Bukan main pembangunan kota Jogjakarta, dengan melihat Rencana Pembangunan Jangka Menengah Daerah (RPMJ) 2007-2011, yang katanya “meningkatkan ketersediaan sarana dan pra-sarana lalu lintas mencapai 30%”, kini yang bisa dilihat hanyalah kemacetan dimana-mana. Jangan salahkan ibu-ibu yang sen kiri tapi belok kanan, jangan salahkan polisi yang tidak becus mengatur kendaraan, salahkan saja pusat perbelanjaan yang berdiri di samping sempitnya pinggir jalan.
Melihat Yogyakarta yang merupakan kota pariwisata, maka pembangunan hotel merupakan peluang bisnis yang menggiurkan. Hingga akhir tahun 2013, terdapat 106 izin mendirikan bangunan (IMB) hotel yang tercatat di Dinas Perijinan Kota Yogyakarta. Hingga akhirnya, pada tahun 2014, Pemkot menerbitkan moratorium pembatasan IMB hotel hingga akhir tahun 2016.

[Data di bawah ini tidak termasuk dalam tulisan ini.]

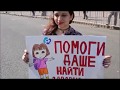 Митинг «За свободный интернет»: ПАРНАС и Открытая Россия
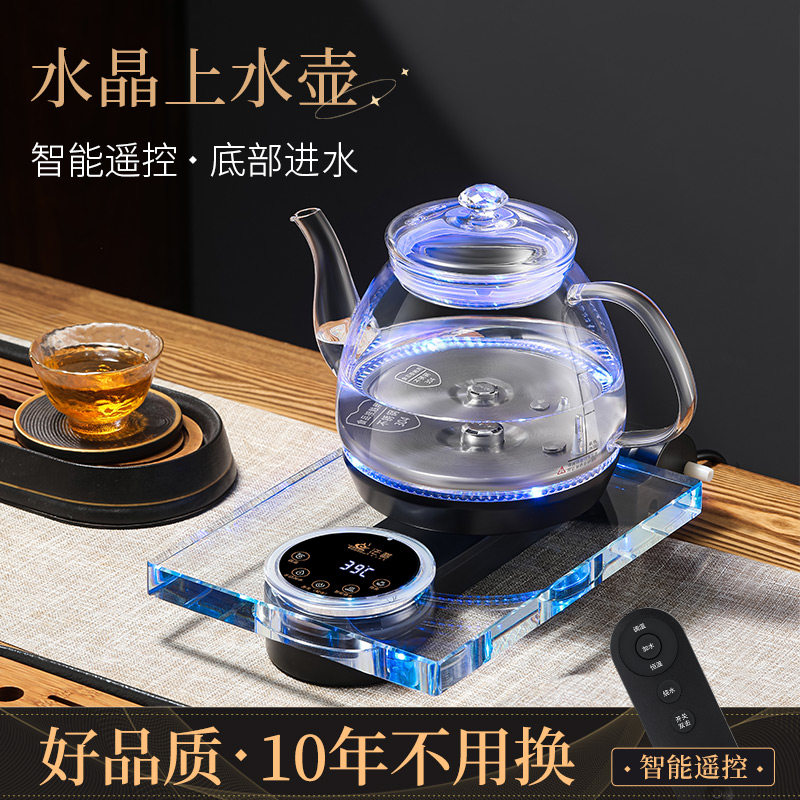 水晶全自动上水电热烧水壶泡茶专用底部茶M台智能遥控家用热水壶,厨房电器,电热水壶,淘宝优惠券,粉丝福利购,淘宝优惠卷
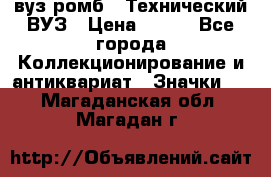 1.1) вуз ромб : Технический ВУЗ › Цена ­ 289 - Все города Коллекционирование и антиквариат » Значки   . Магаданская обл.,Магадан г.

Lucunya, ditahun yang sama dengan penerbitan moratorium, terdapat 10 dari 23 Hotel di Yogyakarta yang juga melanggar Perda Kota Yogyakarta Nomor 2 Tahun 2012 tentang Bangunan Gedung yang beberapa diantaranya tidak memiliki sumur resapan air, alhasil berpotensi mengurangi debit air tanah. Alih-alih meningkatkan perekonomian kota melalui pembangunan hotel-hotel megah, pemodal besar malah mengebiri hak warga dalam memperoleh air bersih. Yang menjadi pertanyaan, apakah yang bisa diperbuat warga Jogjakarta? Jawabanya tidak ada. Yang warga miliki hanyalah sertifikat hak guna tanah kesultanan. Spanduk-spanduk protes hanyalah menjadi hiasan jalanan.

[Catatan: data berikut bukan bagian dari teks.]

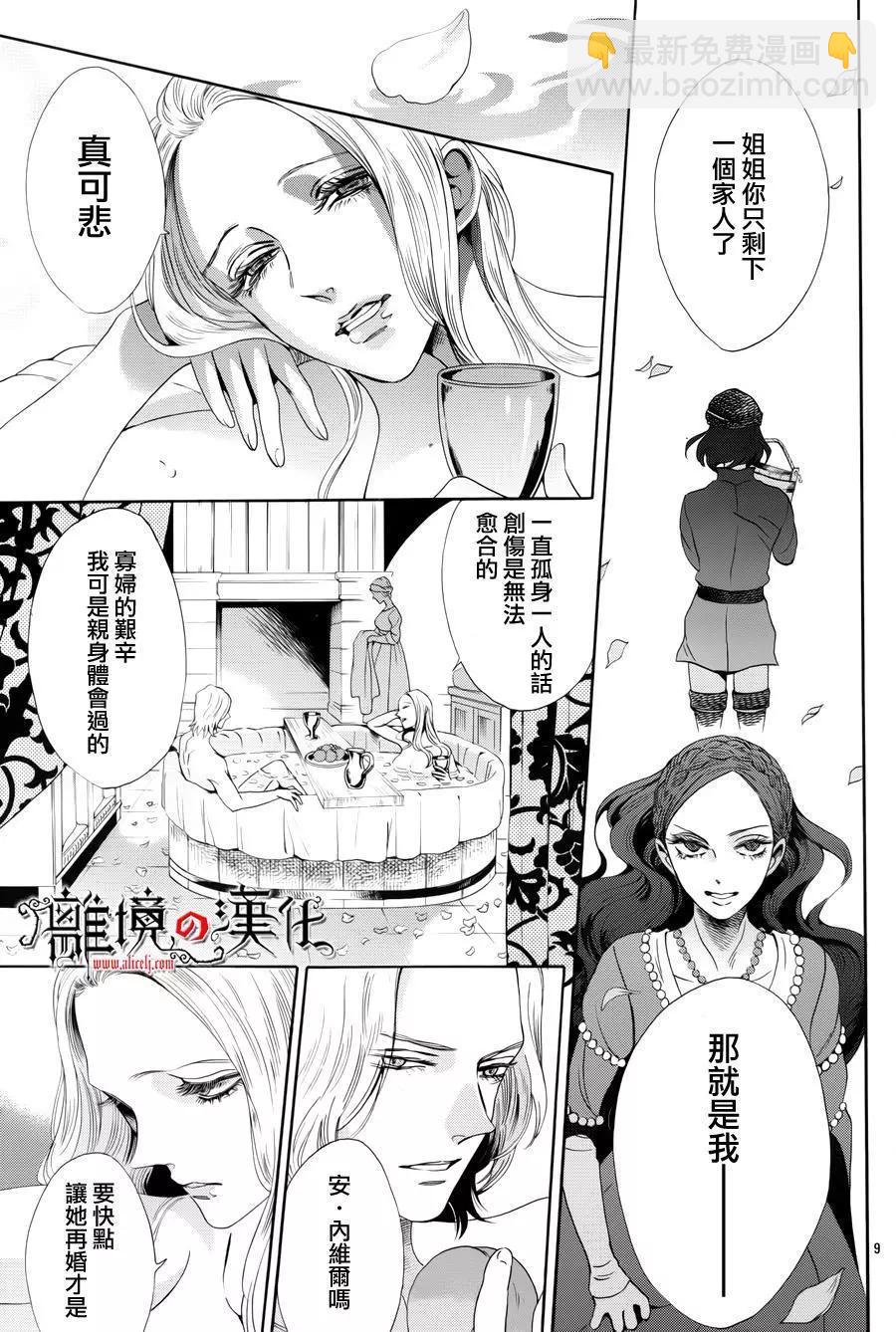 第31回10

Lalu dimanakah keistimewaan kota penuh mimpi ini? Adakah kemaslahatan dari kota sejuta pembangunan? Kini Jogjakarta bukanlah kota yang dahulu masyarakat kenal, tidak lagi seramah dan senyaman yang masyarakat kira. Jogjakarta kini hanyalah kota metropolitan biasa.